純文学を引きずる時間

「お前、クリスマス、何か予定あるのか?」


 一緒に住んでるくせして、アタルはそんなことを普通にパピコに聞いてくる。


「イブもクリスマスも何もないけど」


 アタルは、この辺りで有名な、イルミネーションに誘ってきた。


「先輩って、意外とロマンチストなのね」


 パピコはイエスともノーとも言わずに、ある作業に取りかかる。


「おい、行くのか? 行かないのか?」


 サリーと付き合っていた頃は、パピコはインドアだった。

 どこかに行くよりも、何かの行事には、部屋でパーティーを開くのが二人流だったのだ。


「行く」


 サリーとお揃いの歯ブラシを、ごみ袋に入れながら、アタルの追及に返事を出した。


「おい、散歩に行くぞ」


 アタルはパピコが何をしていてもお構い無しだ。先が思いやられる。

 パピコは、サリーの痕跡を消す作業を一旦止めて、先に出ていったアタルを追いかけた。


「待って、先輩。通りたい道があるの」


 パピコはそう言って、昨日訃報が届いた老人の家の前を通った。

 家主を失った家の前には、あの椅子がまだあった。


 よかった。

 パピコは安堵に包まれ、肩を下ろす。


 郵便局の前にジャンパーが落ちていたので、パピコはそれを拾って砂を落とし、手すりにかけておく。
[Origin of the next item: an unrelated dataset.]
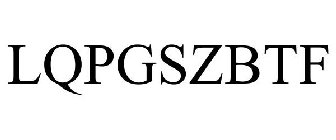 LQPGSZBTF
 以前のパピコだったら、落ちてるジャンパーを見つけても、何もしなかっただろう。

 だが、老人の家の付近で見て見ぬふりはできない気がした。


「親知らずも抜いたことだし、潔くダイエットするしかないな」


 パピコの気も知らずに、歯医者が近づき思い出したのか、アタルが恐ろしい提案をする。


「私ダイエットは成功した試しがないから、諦めてるんだよね」


「情けない。俺が一肌脱ぐしかないのか」


「結構です」


 パピコは断ったが、アタルは家に帰ると、ダイエットメニューを練っていた。


 パピコは、中断していた作業に取りかかる。

 いつまでもサリーの痕跡を残しておくわけにはいかない。

 アタルは何も言わないが、いい気持ちはしていないだろう。


 サリーが買ってくれたワンピース。

 室内デモで活躍したな。

 袋に入れるたび、古傷が痛む。

 何でいちいち思い出が詰まっているの?


 パピコは、サリーと初めて出会った日を思い出す。


 その日は、歌唱コンクールの前日だった。

 つまり、炭水化物メロディーが流れる前日。


 パピコは大学で夜遅くまで、歌の練習をしていた。

 教授は、細かい手直しはせずに、ここだけは、という部分のみ指摘をしてきた。

 外部から最優秀賞を期待されていることは、本人にも伝わっており、プレッシャーから食事も喉を通らなかった。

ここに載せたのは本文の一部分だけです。